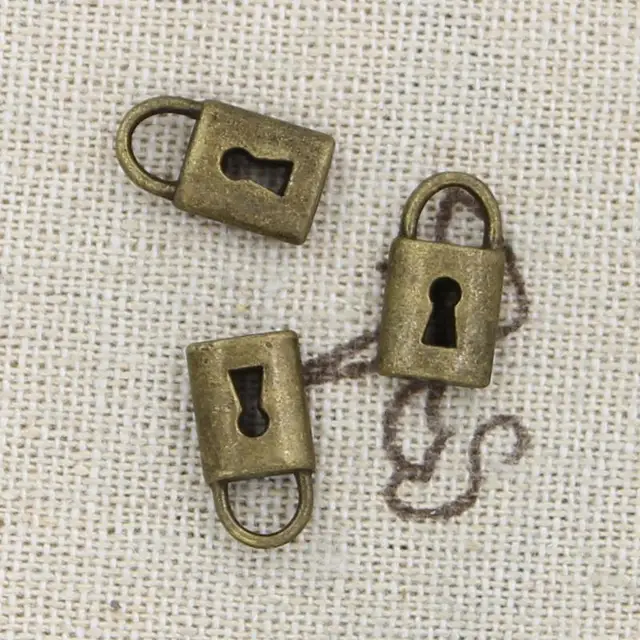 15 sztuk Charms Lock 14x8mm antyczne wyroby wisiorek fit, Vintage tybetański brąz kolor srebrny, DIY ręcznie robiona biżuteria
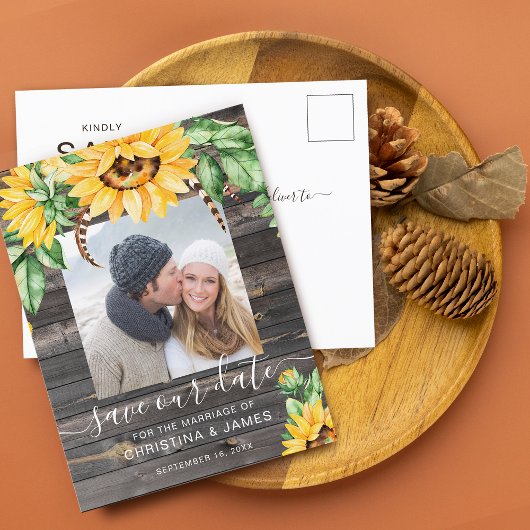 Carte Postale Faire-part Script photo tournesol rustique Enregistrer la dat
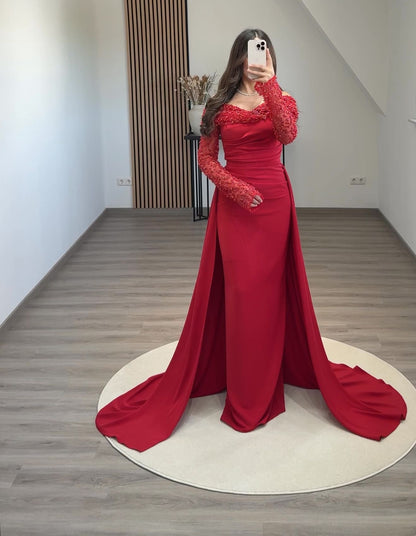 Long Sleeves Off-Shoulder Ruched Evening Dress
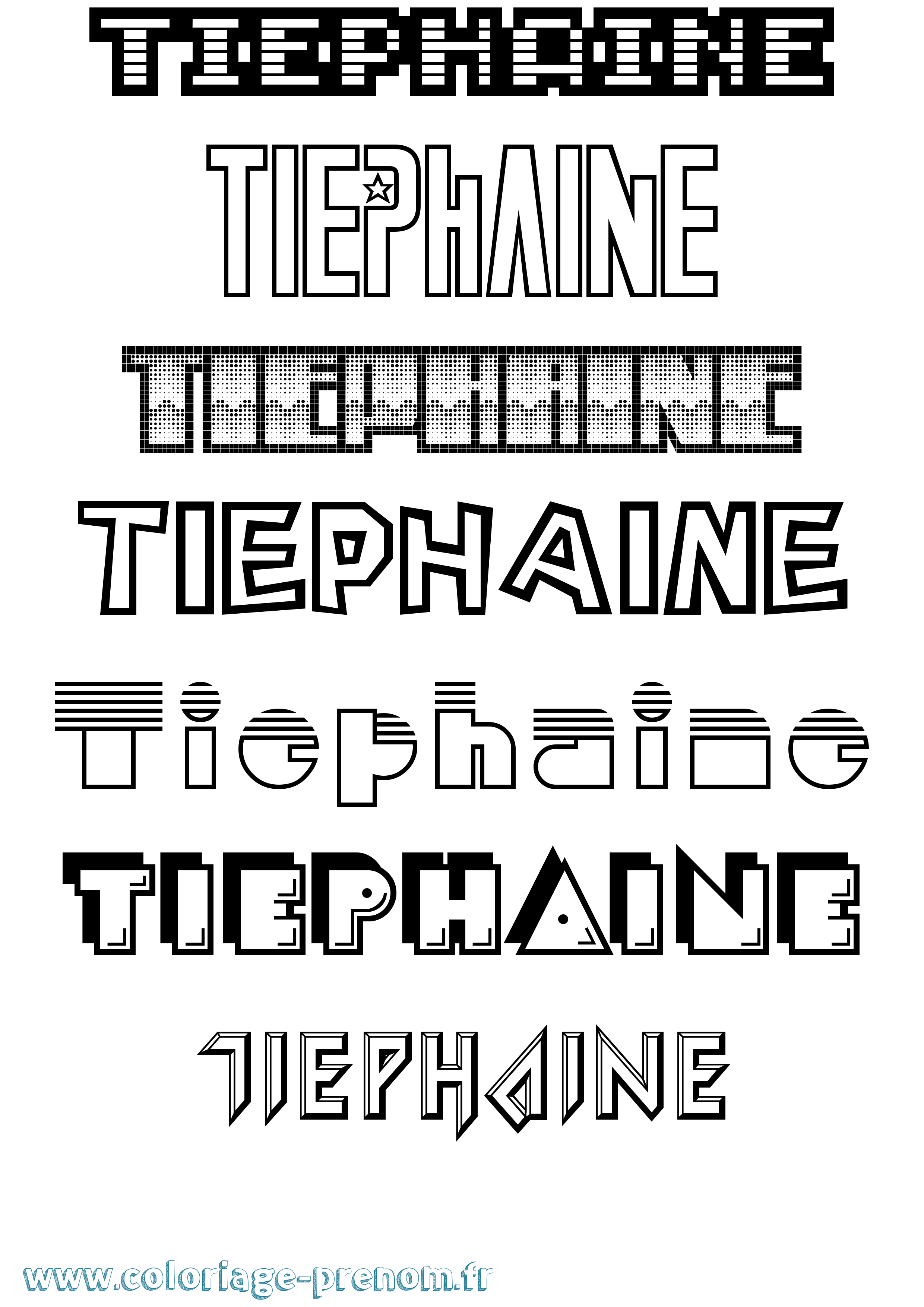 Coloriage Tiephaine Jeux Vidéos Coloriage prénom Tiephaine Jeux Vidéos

════════════════

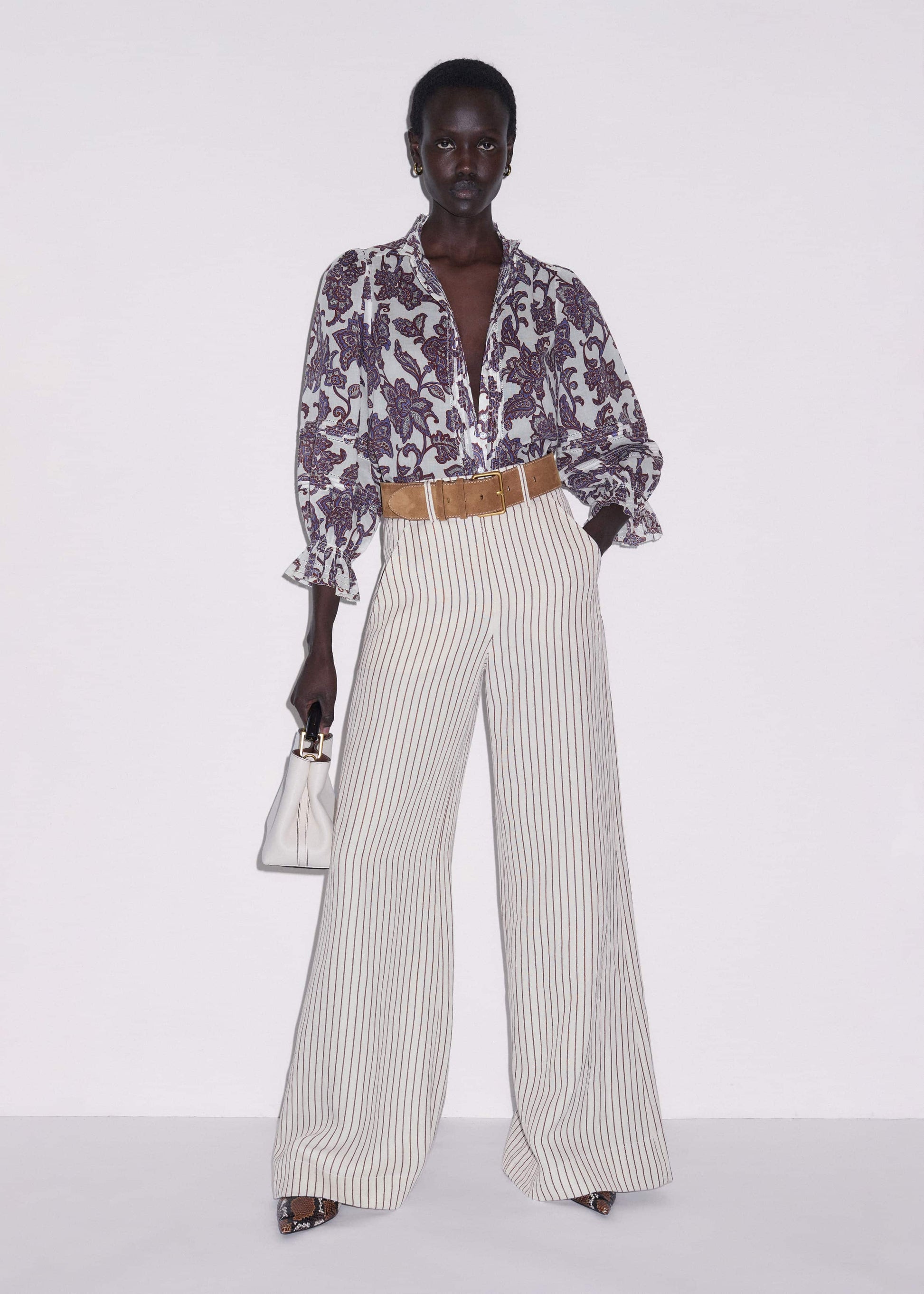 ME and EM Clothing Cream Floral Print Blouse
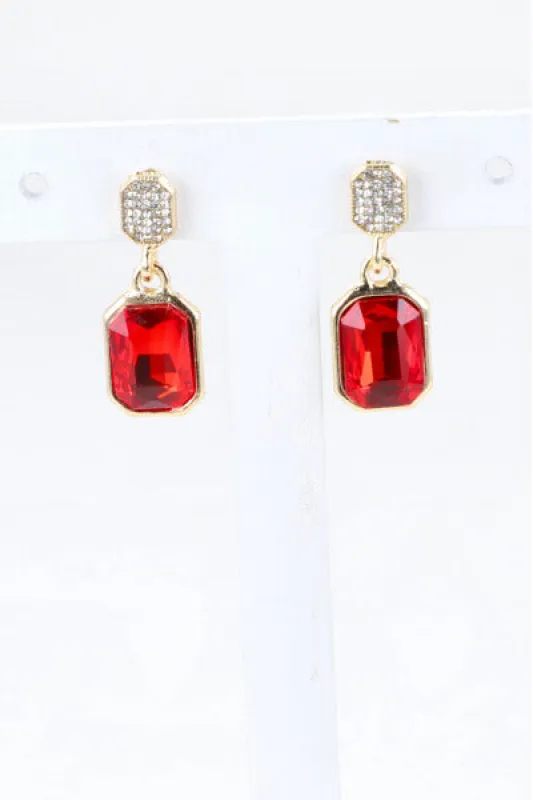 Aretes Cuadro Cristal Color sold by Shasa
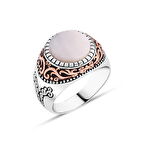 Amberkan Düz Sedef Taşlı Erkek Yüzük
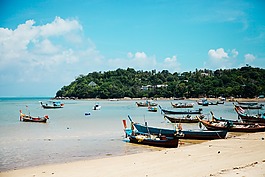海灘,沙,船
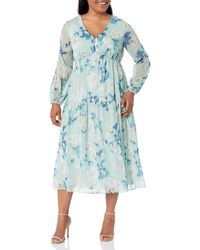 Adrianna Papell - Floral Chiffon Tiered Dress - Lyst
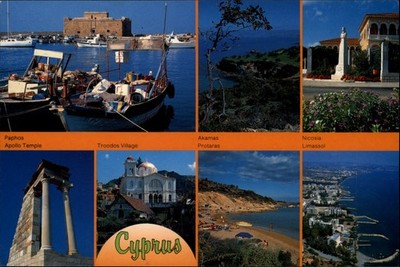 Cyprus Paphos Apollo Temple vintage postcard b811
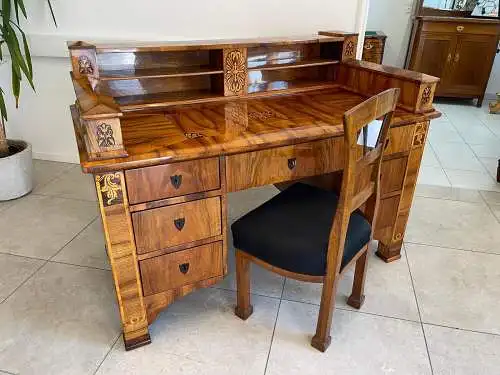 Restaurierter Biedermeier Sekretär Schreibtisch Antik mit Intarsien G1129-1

════════════════

Once the line with "Adrianna Papell - Floral" is found in the data above, reproduce it and each line after it exactly, through the line with "Restaurierter Biedermeier Sekretär". Omit the pictures.

# SOLVED PROBLEM
 Adrianna Papell - Floral Chiffon Tiered Dress - Lyst
 Cyprus Paphos Apollo Temple vintage postcard b811
 Restaurierter Biedermeier Sekretär Schreibtisch Antik mit Intarsien G1129-1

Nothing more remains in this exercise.